■ EXERCISE INSTRUCTIONS:
Reproduce only what runs from the line containing "How to Germinate Avocados" to the line containing "Yoksulu yağ, yumurta, mercimek vurdu" in the records below, inclusive. Keep it exact, and keep the pictures out.
-- -- --
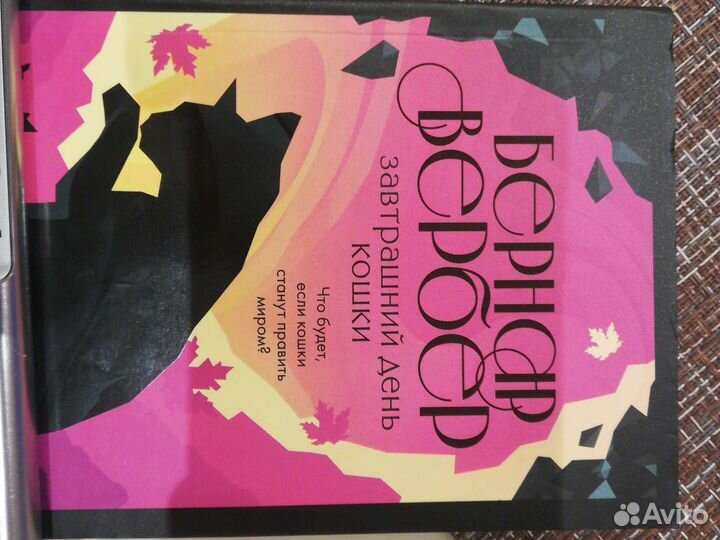 Книга Б. Вербер Завтрашний день кошки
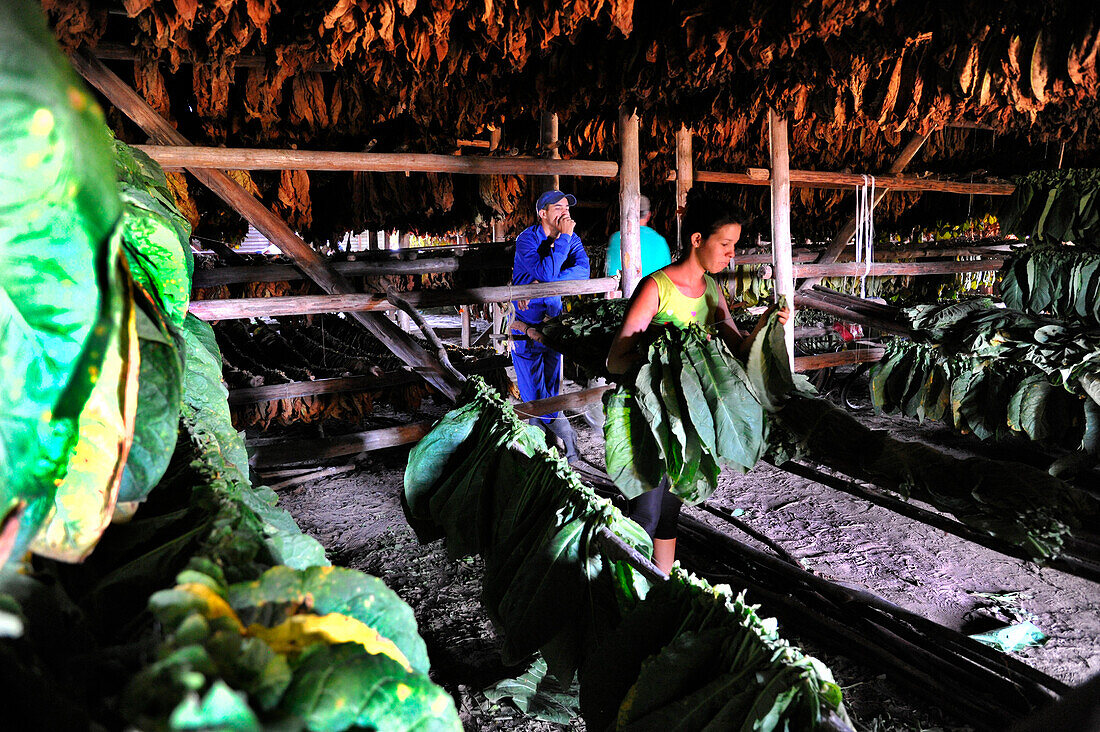 Young woman working in a tobacco dryer, tobacco growing, Vinales, Pinar del Rio province, Cuba, Caribbean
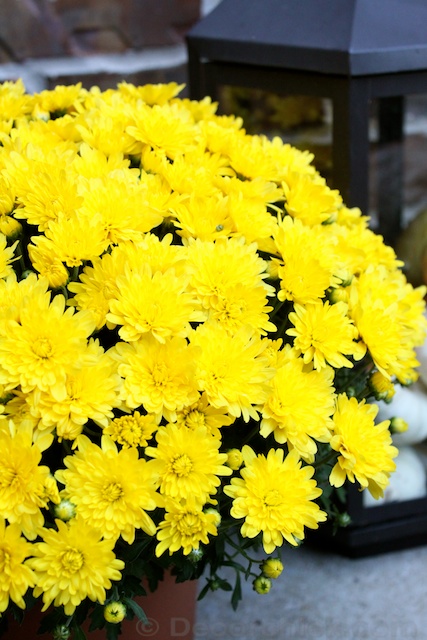 Yellow Mum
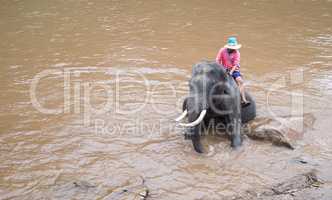 Maetaeng Elephant Park - bathing elephant in the Mae Taeng Rive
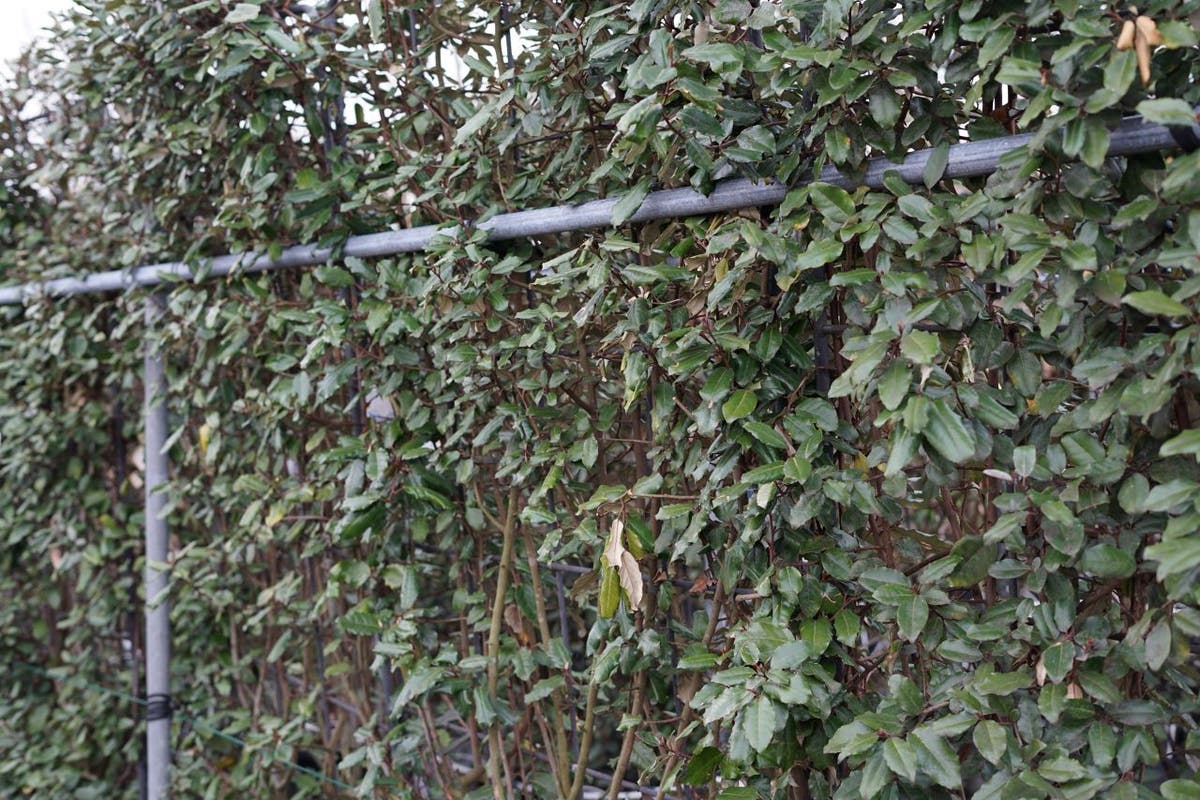  Olijfwilg Als Leivorm (Elaeagnus Ebbingei)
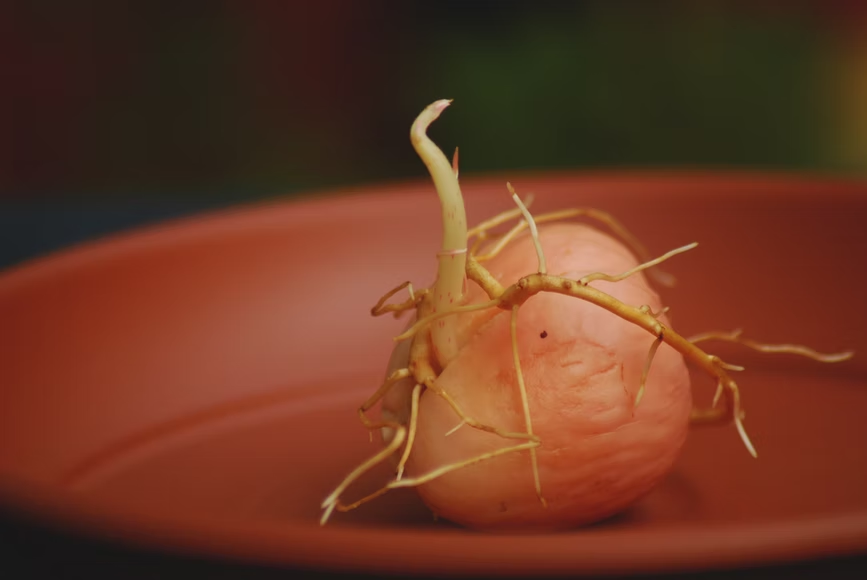 How to Germinate Avocados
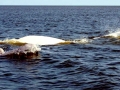Beluga Whale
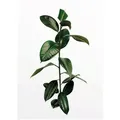 Produktbild: Komar Wandbild Ficus Branch 30 x 40 cm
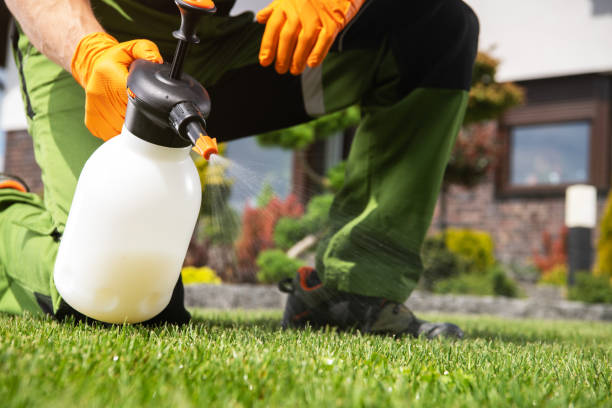 Wasp Removal Services in Blanchard, LA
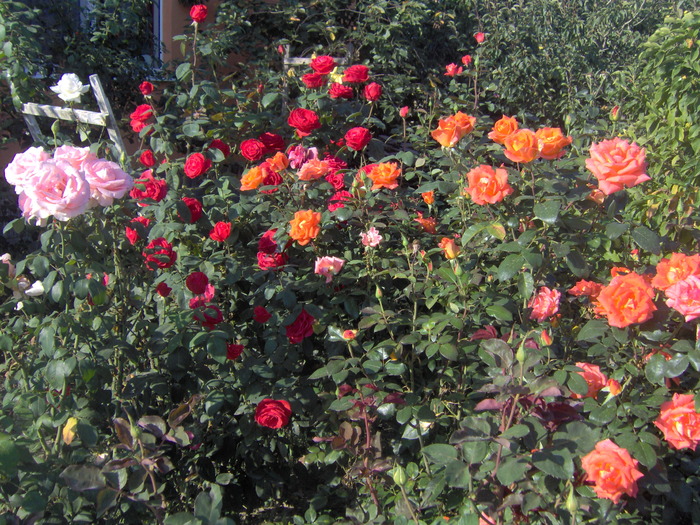 IM000255 - trandafirii in octombrie 2009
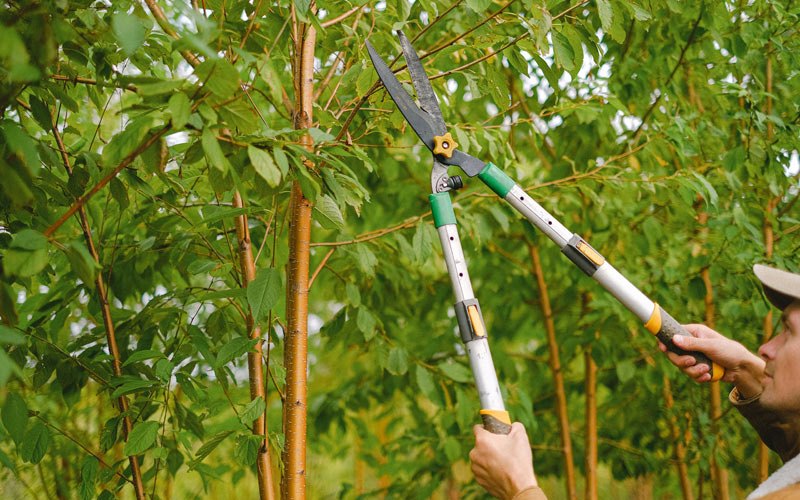 Tree trimming in Verdugo City, CA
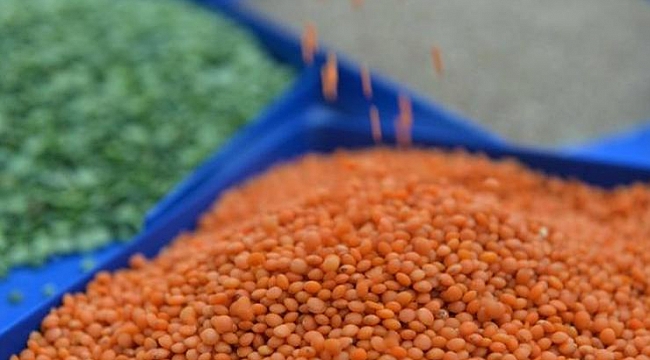 Yoksulu yağ, yumurta, mercimek vurdu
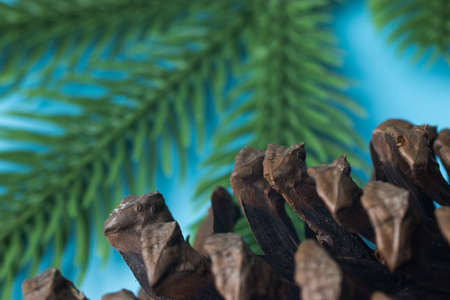 Winter season background with christmas tree branch. Copy space, New Year.の写真素材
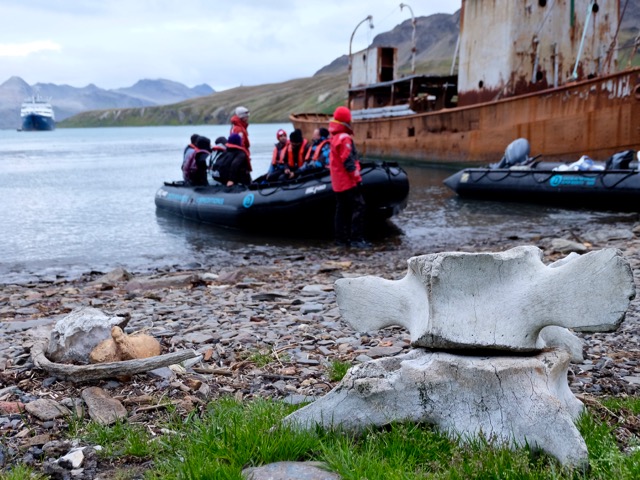 boarding zodiacs at Grytviken to return to Plancius for a braai and party onboard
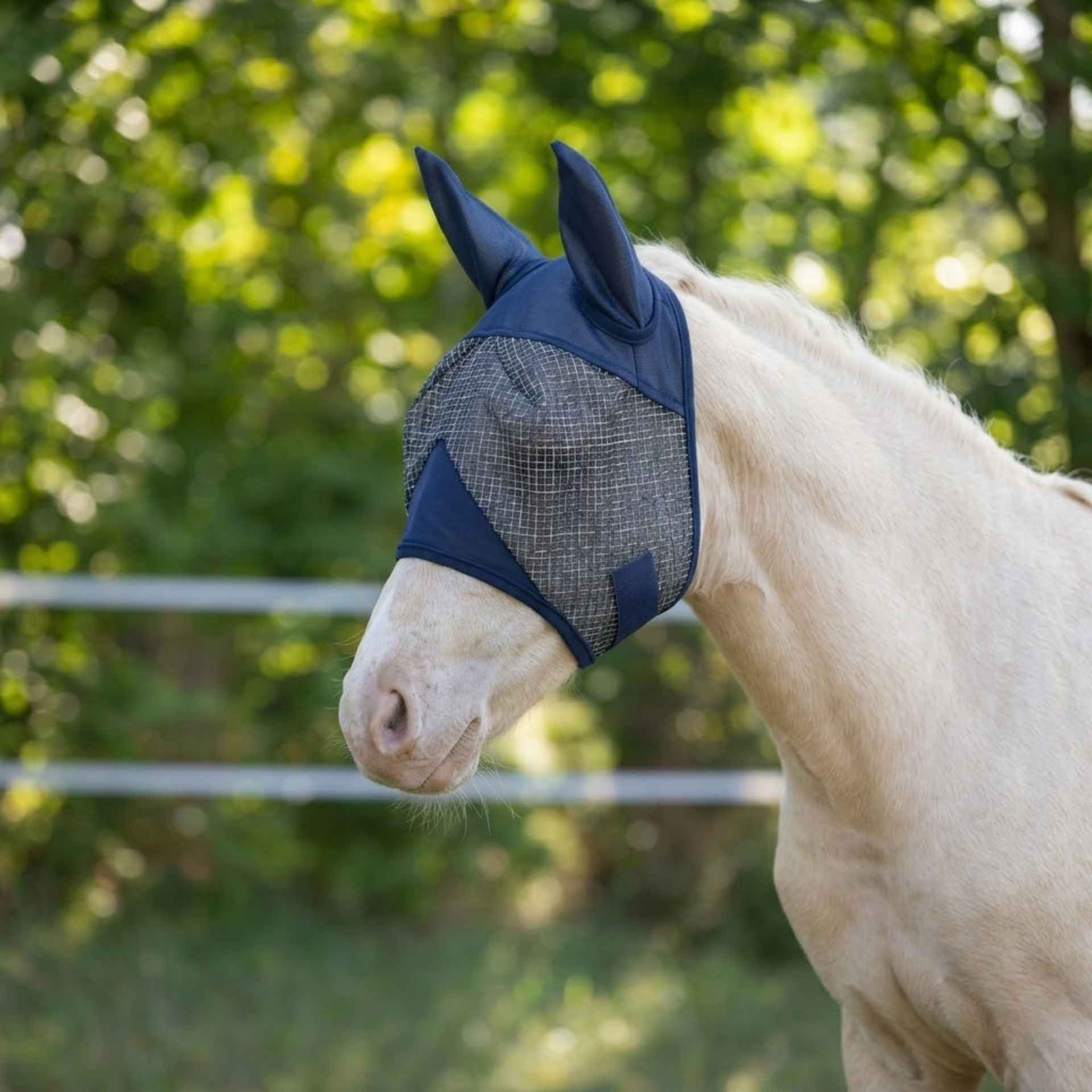 horse, fly mask, ear net, blue, mesh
-- -- --
■ RESPONSE:
 How to Germinate Avocados
Beluga Whale
 Produktbild: Komar Wandbild Ficus Branch 30 x 40 cm
 Wasp Removal Services in Blanchard, LA
 IM000255 - trandafirii in octombrie 2009
 Tree trimming in Verdugo City, CA
 Yoksulu yağ, yumurta, mercimek vurdu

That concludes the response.